Some problems I see with this:
If you are doing an article on any subject related to popular culture, you are in a serious bind, because any film, television or comic image is under copyright BY DEFINITION, even if the creators of the work you are illustrating the article about had nothing to do with that image's creation. For example, ANY picture of Superman would be in violation regardless of its age or source, because the image of Superman is itself someone else's intellectual property (in this case Time Warner).
This, and the dispute over fancruft in the other thread, is compounding the dillemma I am facing over whether I can accept the idea of contuing to be involved with Wikipedia. If uploading images is such a legally and ethically complicated thing, then is not the editing of Wikipedia itself even more so?
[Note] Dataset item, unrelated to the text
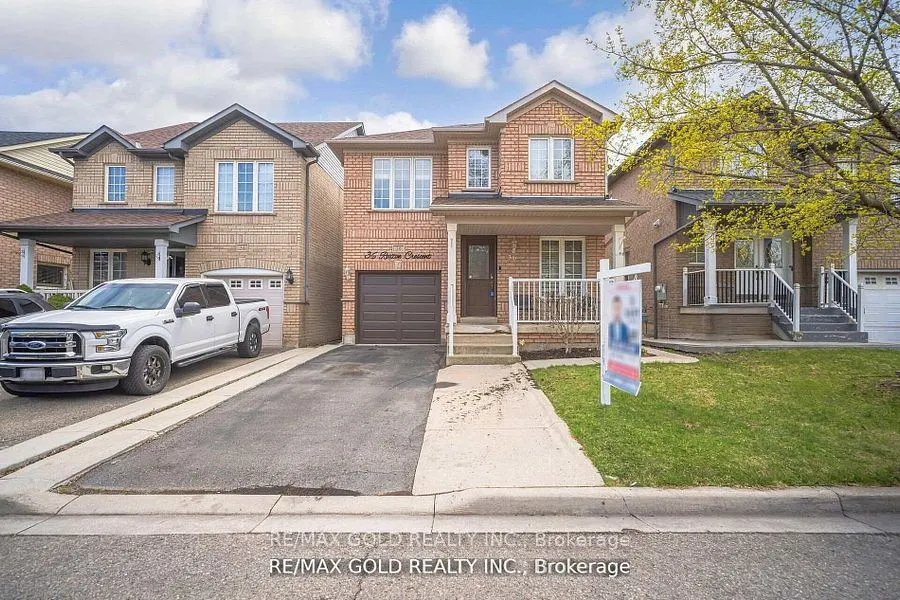 36 Roxton Crescent N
The civil penalties for libel and slander are much more severe than those for copyright violation, after all.
My point is that I find myself questioning, almost as I did at the beginning of my involvement with the project, the reason for it and the point to it. The very concept of "An encyclopedia anyone can edit" is a complete contradiction in logic. The purpose of any encyclopedia is to provide a reliable baseline from which one can gain enough groundwork to do additional research about a topic without being led horrifically astray. This purpose is utterly defeated by the ability of anyone, anywhere in the world to alter and delete articles at will. while one can certainbly show off what one knows or thinks he knows by editing Wikipedia, the question is what does anyone actually gain from READING it?
I am wondering whether we are not all engaged in some gigantic folly that is destroying not only our own credibility but that of the Internet as a whole.